Два дня держали покойника в той же комнате, впуская и выпуская народ один по одному для поклона и лобызания. Шёл спор мирян за то, где хоронить; одни требовали везти в Смоленск, на родину, другие рыли могилу в Покровском монастыре, третьи испрашивали святой прах для женского Алексеевского, но племянница подвижника, черкизовская дьяконица, сумела впереди всех отхлопотать на местное кладбище в уготованный склеп.
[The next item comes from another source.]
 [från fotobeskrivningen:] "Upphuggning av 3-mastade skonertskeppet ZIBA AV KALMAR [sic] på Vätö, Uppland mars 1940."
И были великие чудеса в часовне, куда вынесли гроб на третий день. Прислан был от богатых купцов художник списать оный Иоаннов лик, и как оказался тот художник католиком-иноверцем, то едва начал списывать, как тотчас у покойного вспухли глаза и губы и решил он испортиться, чтобы не поддаваться неверному. И сколько ни кадили ладаном и ни лили душистых масел, но преодолеть не могли. Просили многие воды, которой омыто было тело праведника, но вся та вода была ранее выпита женщинами, оное тело омывавшими.
В те дни отслужено было у гроба более двухсот панихид, да после на могиле, в день похорон, ещё семьдесят панихид ускоренных. Одни причетники заработали 400 рублей серебром, а о священнослужителях и говорить не приходится: щедра Москва и до похоронного пения охоча.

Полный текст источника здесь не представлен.